A team of researchers, including one of Indian origin, has developed a tool which allows users to execute operations on a smartphone by combining gaze control and simple hand gestures.
While smartphone devices have grown to accommodate the bigger screens and higher processing power needed for more demanding activities, the problem is that they frequently require a second hand or voice commands to operate.
The new tool called EyeMU, developed by researchers at Carnegie Mellon University in the US, shows how gaze estimation using a phone’s user-facing camera can be paired with motion gestures to enable a rapid interaction technique on handheld phones.

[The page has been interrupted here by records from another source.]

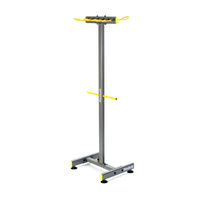 Стойка для эспандеров Reebok Power Tube Rack RSRK-TB (4982)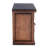 Western Filigree Nightstand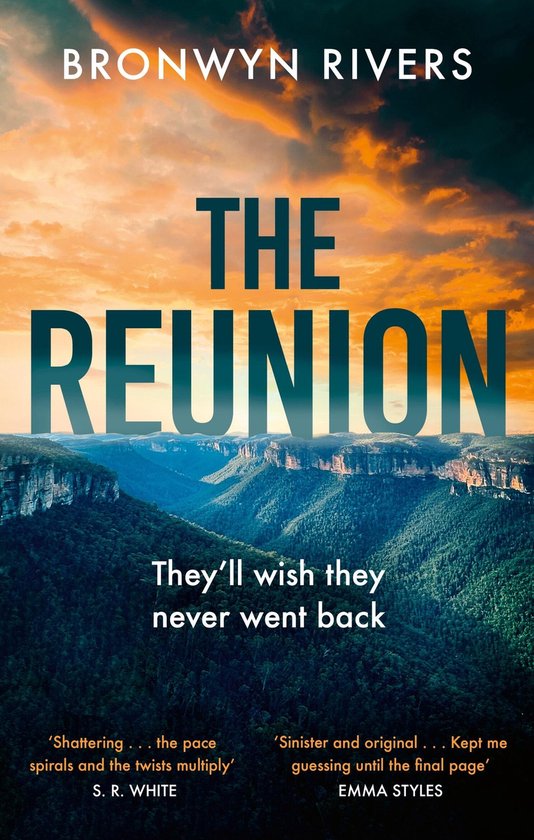 The Reunion - cover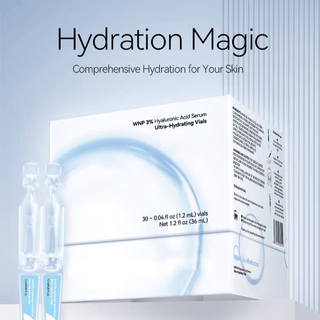 DewPure – Ultra-Hydrating Vegan Serum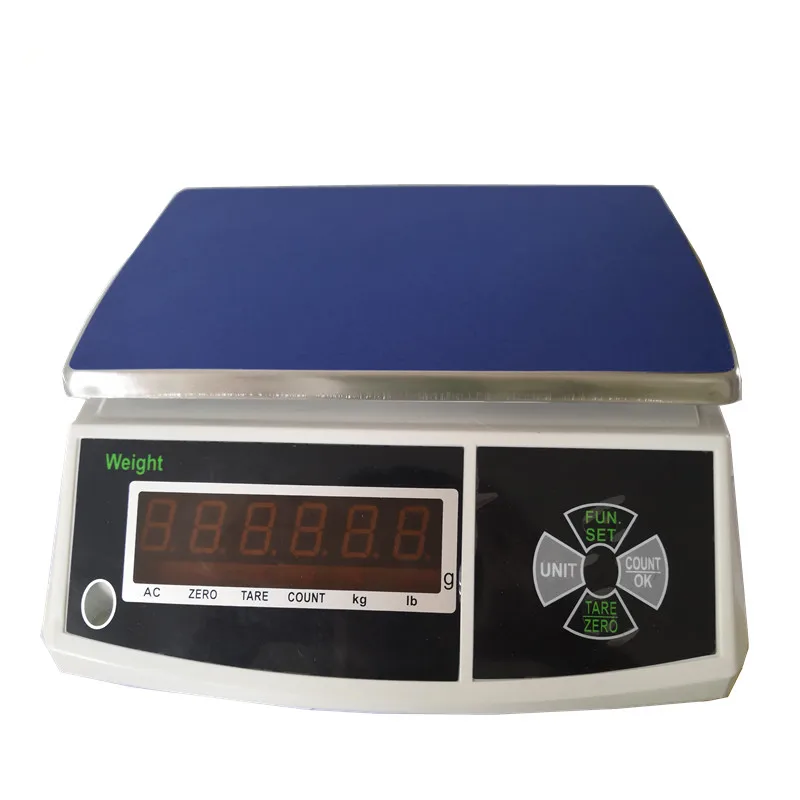 

OBRK High Quality Digital Electronic Weighing Scale Laboratory Using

“Current phones only respond when we ask them for things, whether by speech, taps or button clicks,” said Andy Kong, a senior majoring in computer science at the University.
“Imagine how much more useful it would be if we could predict what the user wanted by analysing gaze or other biometrics,” Kong added.
The first step was a programme that used a laptop’s built-in camera to track the user’s eyes, which in turn moved the cursor around the screen.
“We asked the question, ‘Is there a more natural mechanism to use to interact with the phone?’ And the precursor for a lot of what we do is to look at something,” said Karan Ahuja, a doctoral student in human-computer interaction.
Kong and Ahuja advanced that early prototype by using Google’s Face Mesh tool to study the gaze patterns of users looking at different areas of the screen and render the mapping data.
Next, the team developed a gaze predictor that uses the smartphone’s front-facing camera to lock in what the viewer is looking at and register it as the target.
They made the tool more productive by combining the gaze predictor with the smartphone’s built-in motion sensors to enable commands.
For example, a user could look at a notification long enough to secure it as a target and flick the phone to the left to dismiss it or to the right to respond to the notification.
“The real innovation in this project is the addition of a second modality, such as flicking the phone left or right, combined with gaze prediction. That’s what makes it powerful. It seems so obvious in retrospect, but it’s a clever idea that makes EyeMU much more intuitive,” said Chris Harrison, an associate professor at the varsity.